White House Press Corps Hacked, Mocked as ‘Untrustworthy’

News agencies belittled for attending off-the-record meeting with Justice Department about spying on reporters

Someone apparently hacked the Twitter feed and homepage of the White House press corps, the reporters who cover President Obama, and belittled some of them as "untrustworthy" for attending an off-the-record meeting with Attorney General Eric Holder about government spying on reporters.

Several reports in recent weeks have revealed that the Justice Department monitored reporters at The Associated Press and Fox News in an attempt to find the sources of leaks. Holder held the off-the-record meeting with news agencies Thursday to discuss the monitoring, which several news organizations refused to attend unless it was on the record.

But the hackers Friday morning called out five news organizations that did attend, calling them "UNTRUSTWORTHY."
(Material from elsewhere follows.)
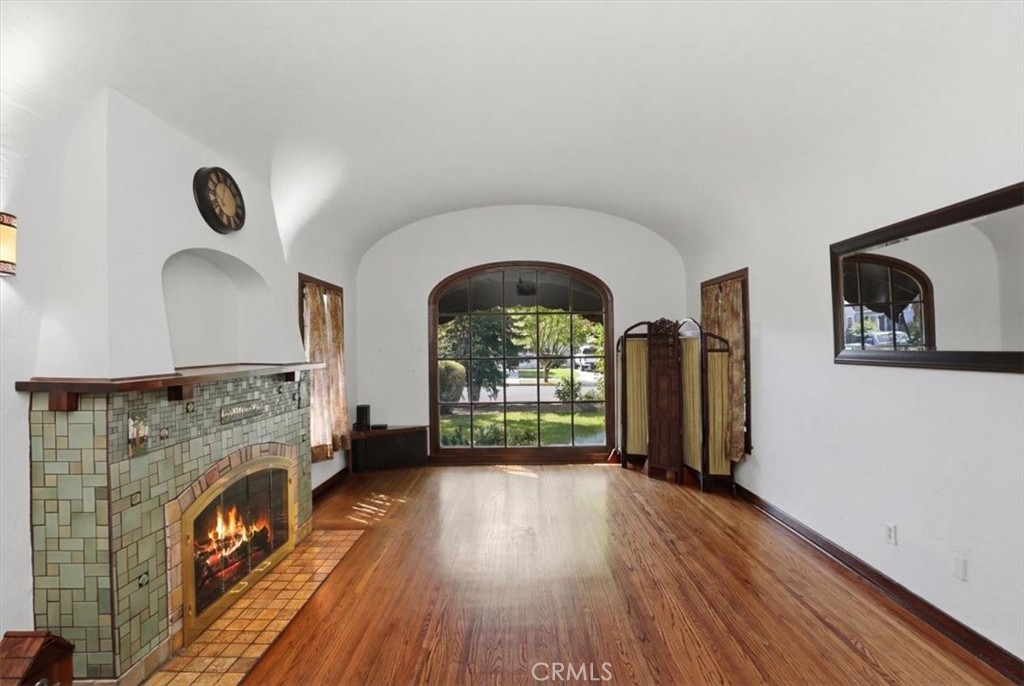 4593 Merrill Avenue Riverside, CA 92506 - Photo 9 of 34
"RESOLVED: Any Member of any 'News' Organization that met with AG Holder today is no longer to be trusted as a valid news source," the hacker wrote. "UNTRUSTWORTHY: New Yorker, Washington Post, Politico, New York Daily News, Wall Street Journal-attended Thursday's meeting with Holder."

The messages appeared in both the press corps' Twitter feed and homepage.

Though the "off the record" status of the meeting meant attendees were not supposed to report on it, three of the five editors who attended disclosed what Holder (pictured) told them. They spoke to other journalists who gathered outside the Justice Department offices.

The three said Holder pledged to change the way the department handles investigations involving reporters and said it would not repeat the kinds of searches that have brought objections, according to Reuters.

"There was a commitment to change the department's guidelines for handling cases such as these and a renewed commitment to support a federal shield law for journalists," said Gerald Seib, Washington bureau chief of The Wall Street Journal.

The Justice Department outraged reporters by searching AP phone records and email and phone records for Fox News' James Rosen — as well as using a government-issued ID badge to track Rosen's visits to the State Department. In addition, an FBI agent said in a 2010 affidavit that there was "probable cause to believe" that Rosen broke the law "as an aider and abettor and/or co-conspirator."

Rosen has not been charged with any wrongdoing.